- DATA FOR THE TASK -

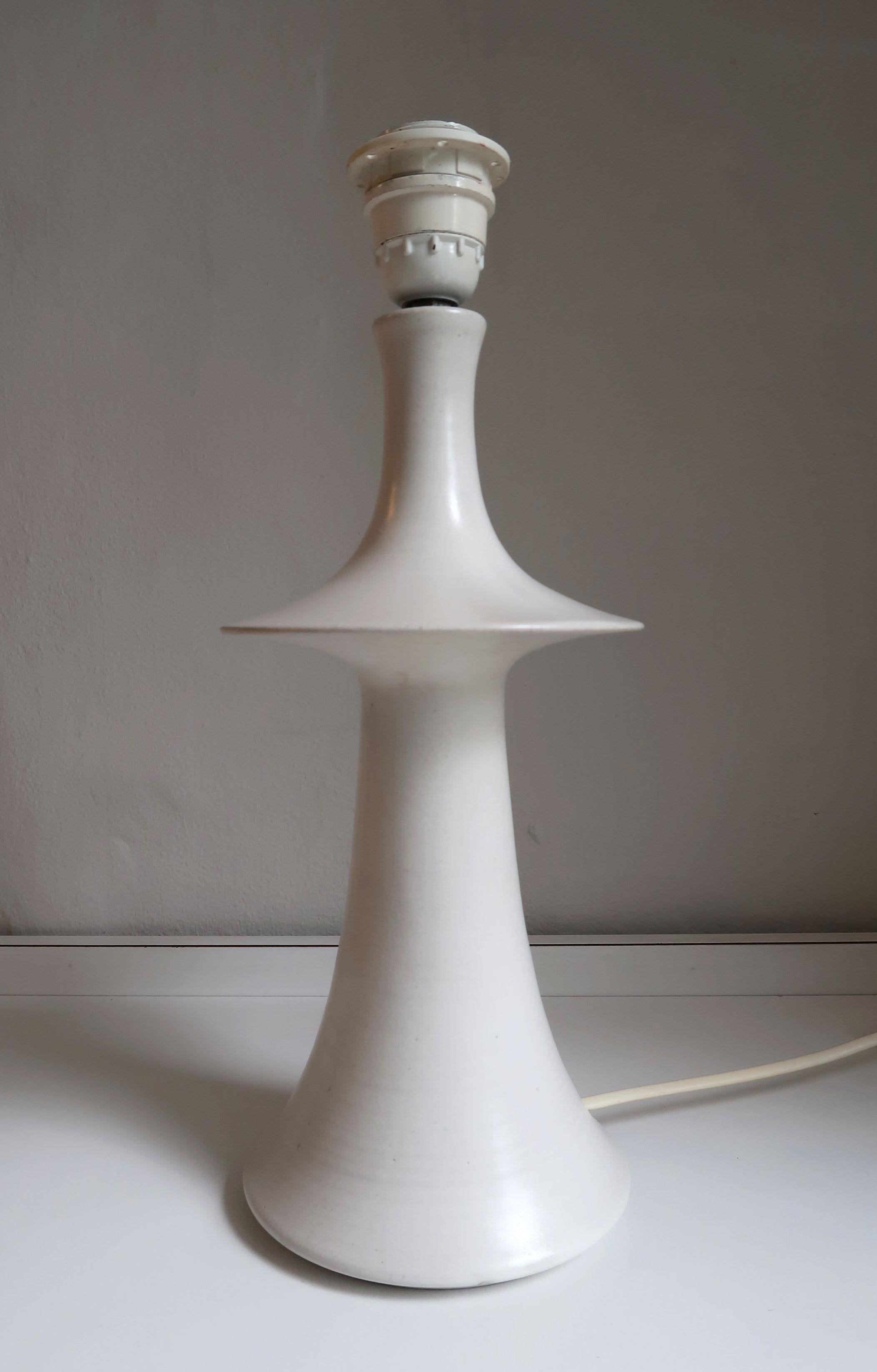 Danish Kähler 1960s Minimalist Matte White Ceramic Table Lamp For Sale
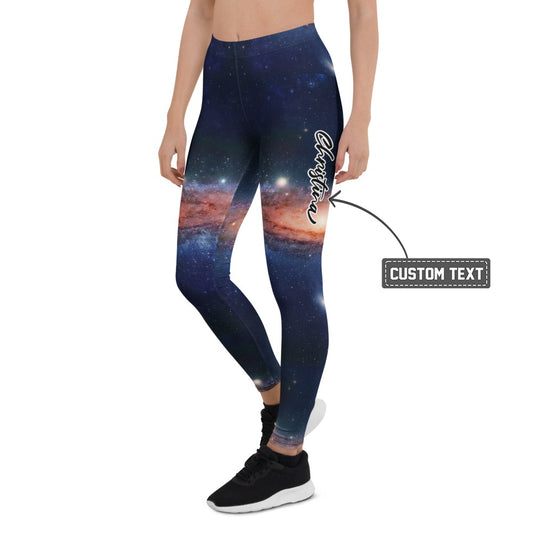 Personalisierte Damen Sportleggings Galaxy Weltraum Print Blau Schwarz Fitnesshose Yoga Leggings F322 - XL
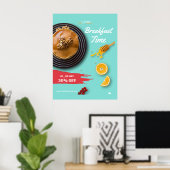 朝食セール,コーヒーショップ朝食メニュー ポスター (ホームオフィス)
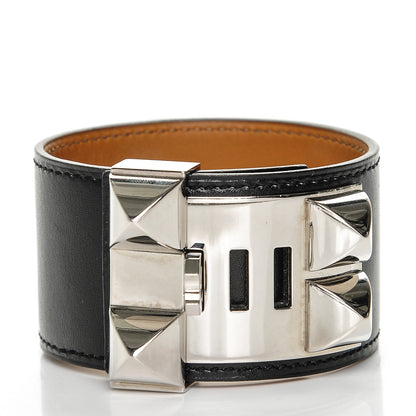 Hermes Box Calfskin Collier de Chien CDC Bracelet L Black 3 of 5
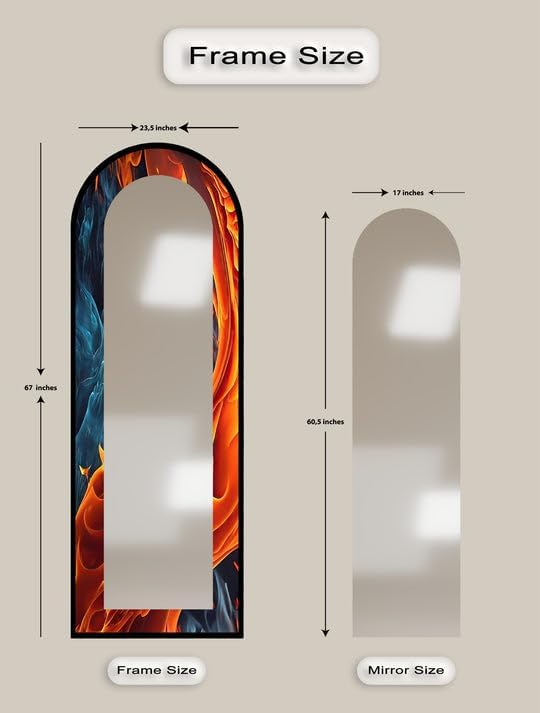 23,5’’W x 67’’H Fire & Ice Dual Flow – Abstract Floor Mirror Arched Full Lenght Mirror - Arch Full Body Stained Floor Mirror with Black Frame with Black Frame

- GOAL OF THE EXERCISE -
Please retype, exactly and only, the lines from the one holding "朝食セール,コーヒーショップ朝食メニュー ポスター (ホームオフィス)" to the end of the entries, both ends included, without any pictures.

- EXERCISE RESULT -
 朝食セール,コーヒーショップ朝食メニュー ポスター (ホームオフィス)
 Hermes Box Calfskin Collier de Chien CDC Bracelet L Black 3 of 5
 23,5’’W x 67’’H Fire & Ice Dual Flow – Abstract Floor Mirror Arched Full Lenght Mirror - Arch Full Body Stained Floor Mirror with Black Frame with Black Frame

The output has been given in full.